CBP Has Instructions on When Hong Kong Goods Must be Marked as China Origin U.S. Customs and Border Protection (CBP) had issued a Federal Register Notice (FRN) dealing with President Trump’s Executive Order on Hong Kong Normalization that suspends the special privileges for Hong Kong. The order includes the requirement for Hong Kong origin goods to now be marked as “Made in China”. While this Order was effective as of July 29, 2020, CBP has allowed a transition period to change the marking. CBP originally allowed that marking changes were to be effective 45 days from the issuance of the FRN. The marking change was to be effective on September 25, 2020, however, CBP has issued CSMS message #4372936 that granted an additional 45 days to September 9 for the new marking requirements to go into effect. The marking requirement effective date applies to the date of entry and not the date of importation nor the date of exportation. The marking change is effective not only on the date of entry, but includes the date that goods are withdrawn from a warehouse for consumption. CBP has issued an FAQ on the marking requirements A copy of the FAQ can be found by clicking here.

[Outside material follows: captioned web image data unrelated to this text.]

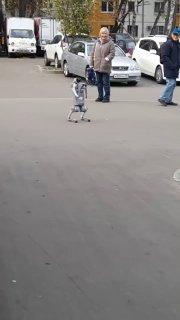 Обычный день в Москве: поиграть с робособакой и встретить на улице роверов-...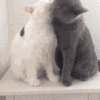 猫咪 秀恩爱 可爱 温馨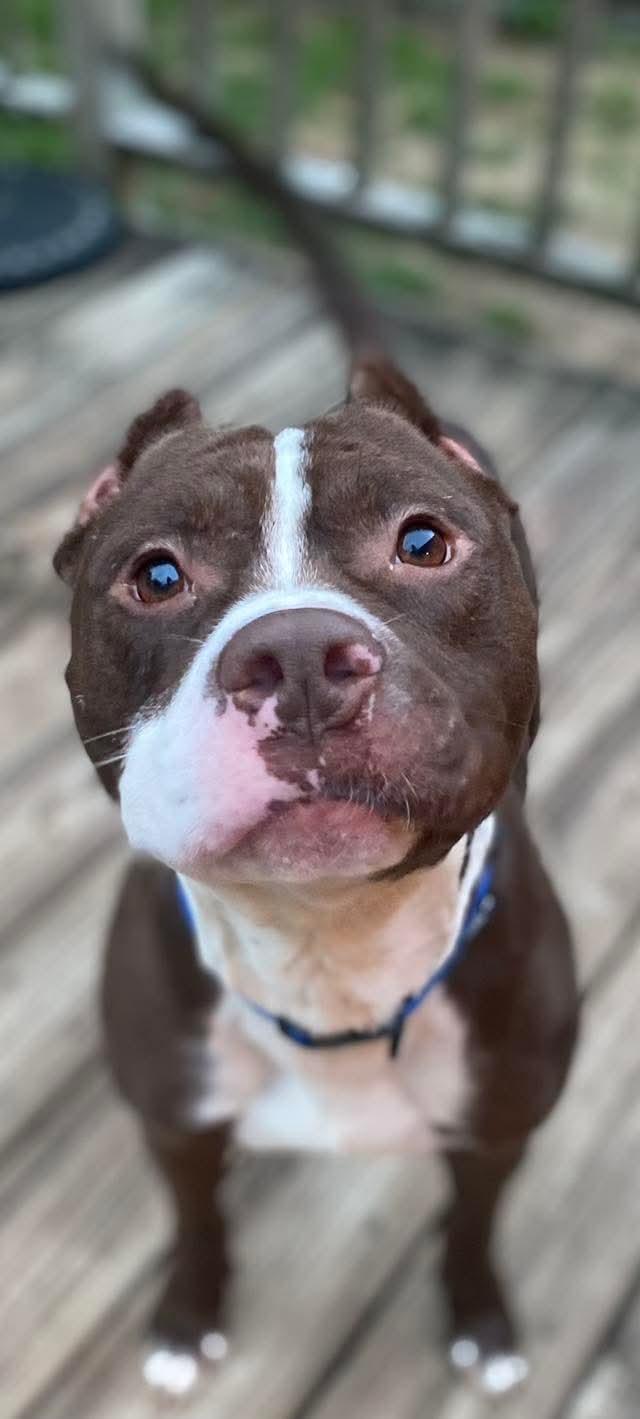 Enlarge Juice, a Adopted Pit Bull Terrier in Memphis, TN image 2/4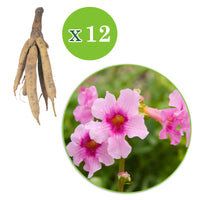 6x Gartengloxinie Incarvillea delavayi rosa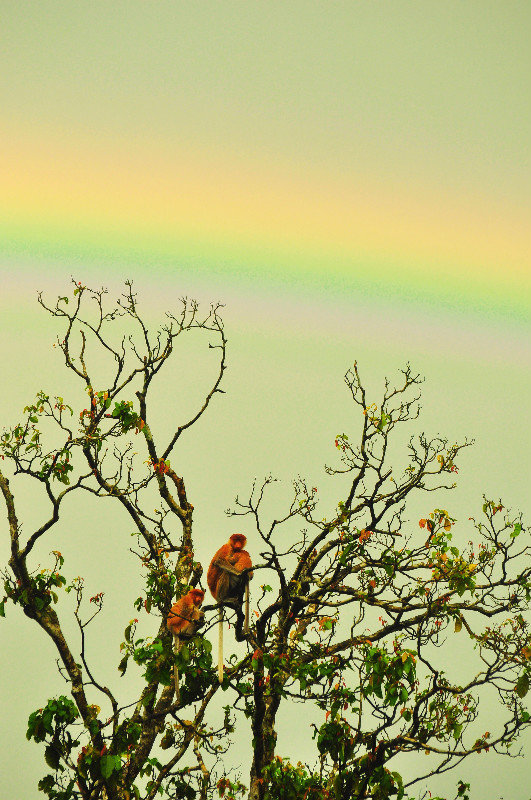 Probiscus monkeys and Rainbow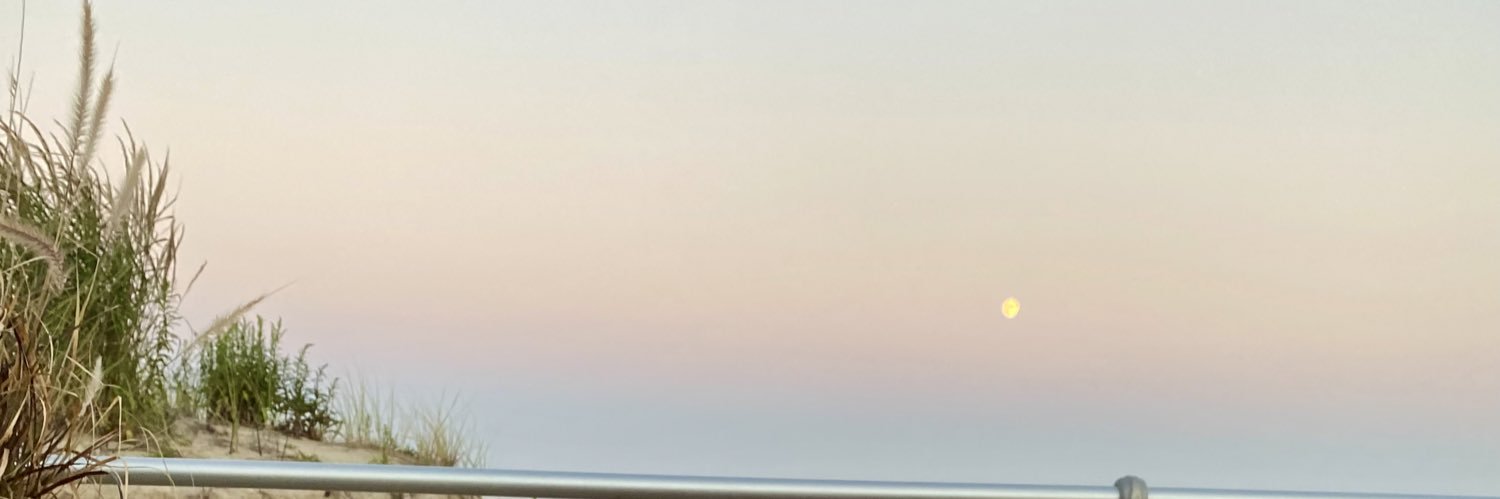 parkerkaminsky's profile banner image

CBP Gives Instructions that 301 Duties will Not Apply to Hong Kong Goods CBP has also included instructions that the change in marking will not affect the entry of the goods as country of origin of Hong Kong for duty purposes. As per the FAQ on the marking issued by U.S. Customs and Border Protection (CBP), goods that are products of Hong Kong should continue to report the ISC country code (HK) as country of origin. Unless there is change, the China 301 duties will not apply to Hong Kong made goods.